Ask some one with sickle cell anemia how much trouble just one nonSynonymous SNV can cause — it’s only 1 amino acid out of 147.  Even worse, ask someone with cystic fibrosis where just one of 1,480 amino acids is missing.

Here’s the bad news.  In the population as a whole, they found 500,000 single nucleotide variants (SNVs).  If you’re still not sure what is meant by this, the 5 articles in https://luysii.wordpress.com/category/molecular-biology-survival-guide/ should be all the background you need.

More than 400,000 of the variants were previously unknown.  Also more than 400,000 of them were found either in Africans or Europeans but not both.  If you divide 500,000 by 2,439 you get 205 variants per person.  However, SNVs are far more common than that, and each individual contains an average of 14,000.

Well, how many of the 500,000 or so SNVs they found are nonSynonymous? One would think about 1/3 statistically.  However, They found more than half 292,125/500,000 — nearly 60% — were nonSynonymous.

It get’s worse: 6,165 of the nonSynonymous variants are nonSense codons.  This means that the protein coded for by such a gene, terminates prematurely, meaning that it can terminate anywhere.  On average one would expect that half of these nonsense codons result in a protein of less than half the normal length.   This would very likely obliterate whatever function the protein had.

Obviously, they couldn’t test all 500,000 SNVs to see how they affected protein function (and we really only have a decent idea of what half our 20,000 or so proteins are doing).  They had to guess.  They came up with a figure of 2 – 4% of the 14,000 SNVs being functionally significant — That’s 280 – 560 significant mutations per individual.

Clearly, despite the horrible examples of cystic fibrosis and sickle cell anemia above, most of these can’t be doing very much, because these were normal people being studied.
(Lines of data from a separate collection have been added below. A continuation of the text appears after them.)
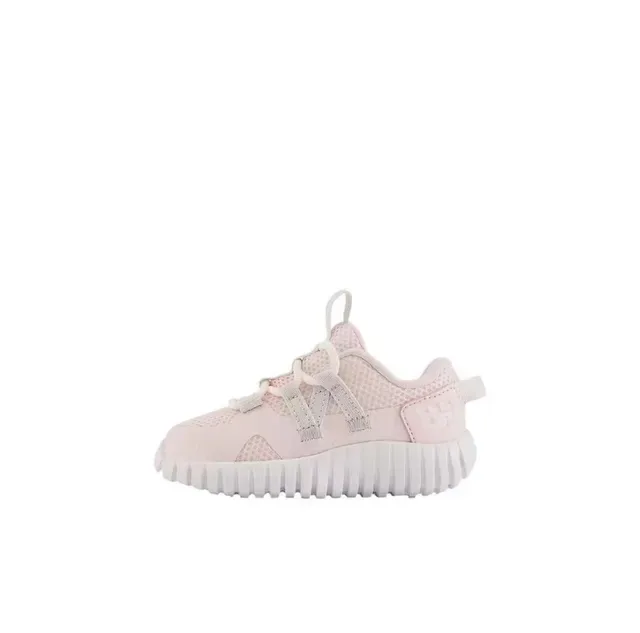 New Balance Gray Pink Laceless Elastic Strap Ribbed White Midsole Lifestyle Sneakers 16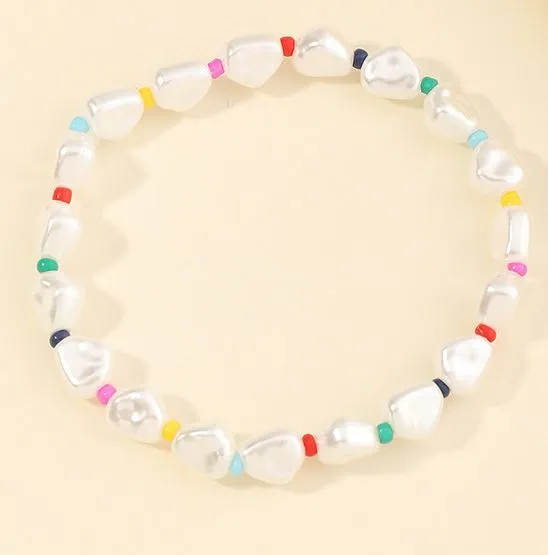 02 Bracelets B946 Pearl Stones Multi Color Beads Bracelet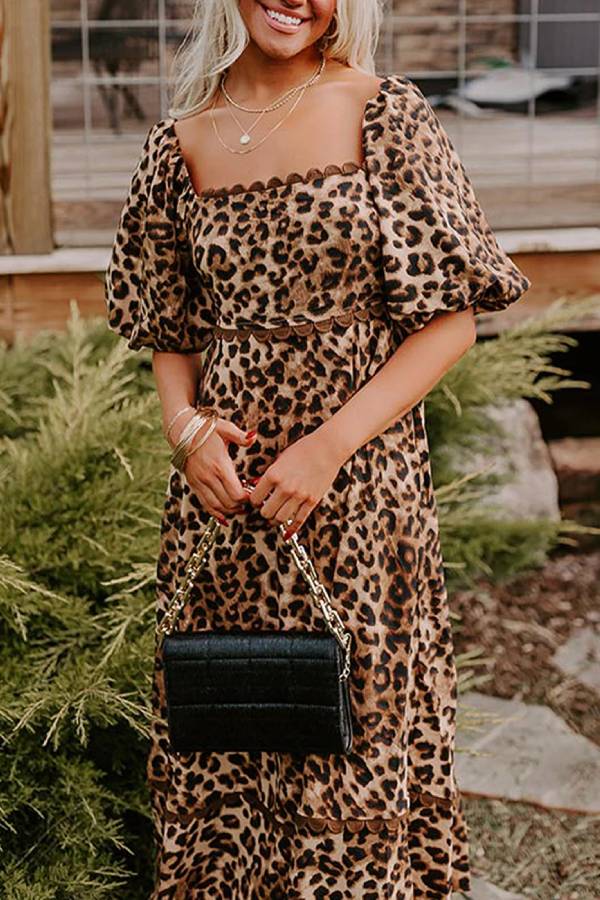 Out-Shine | Leopard Print Puff Sleeve Ricrac Maxi Dress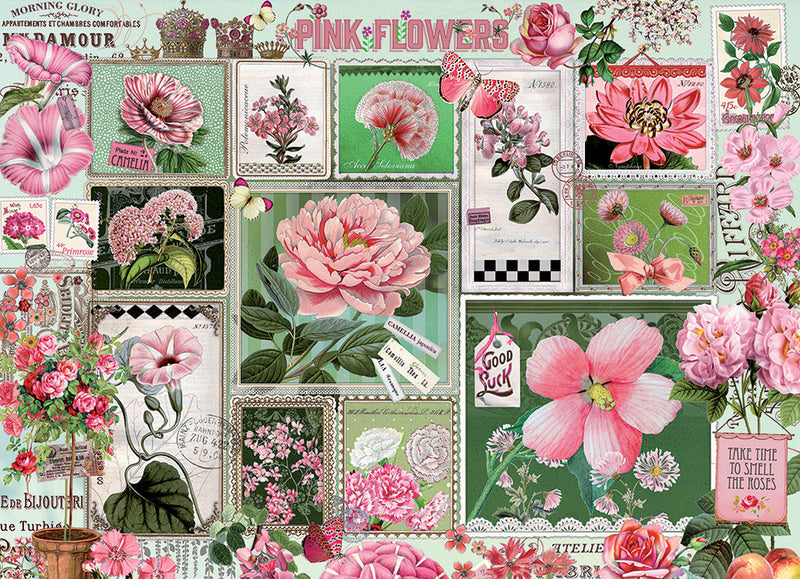 Pink Flowers, 1000 Pc Jigsaw Puzzle by Cobble Hill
There are all sorts of implications of this work.  One is the subject of a future post — how hard this diversity makes drug discovery.  Another reiterates the Tolstoy theme mentioned earlier about the genetic defects causing schizophrenia and autism — ““Happy families are all alike; every unhappy family is unhappy in its own way”.  Thus beginneth Anna Karenina.

For details please see https://luysii.wordpress.com/2010/04/25/tolstoy-was-right-about-hereditary-diseases-imagine-that/  and  https://luysii.wordpress.com/2010/07/29/tolstoy-rides-again-autism-spectrum-disorder/

A third is that this shows that the 1000 fold expansion of the human population has pretty much obviated much natural selection eliminating these variants.  I’ll leave it to the geneticists to figure out what this means for the eventual survival of the species, as these mutants continue to accumulate.

The paper is fascinating, and sure to change our conception of what a ‘normal’ genome actually is.  Nonetheless, all they did was follow Yogi Berra’s dictum — “You can observe a lot by watching.”   It certainly wasn’t creative or ingenious in any sense.  Sometimes grunt work like this wins the day.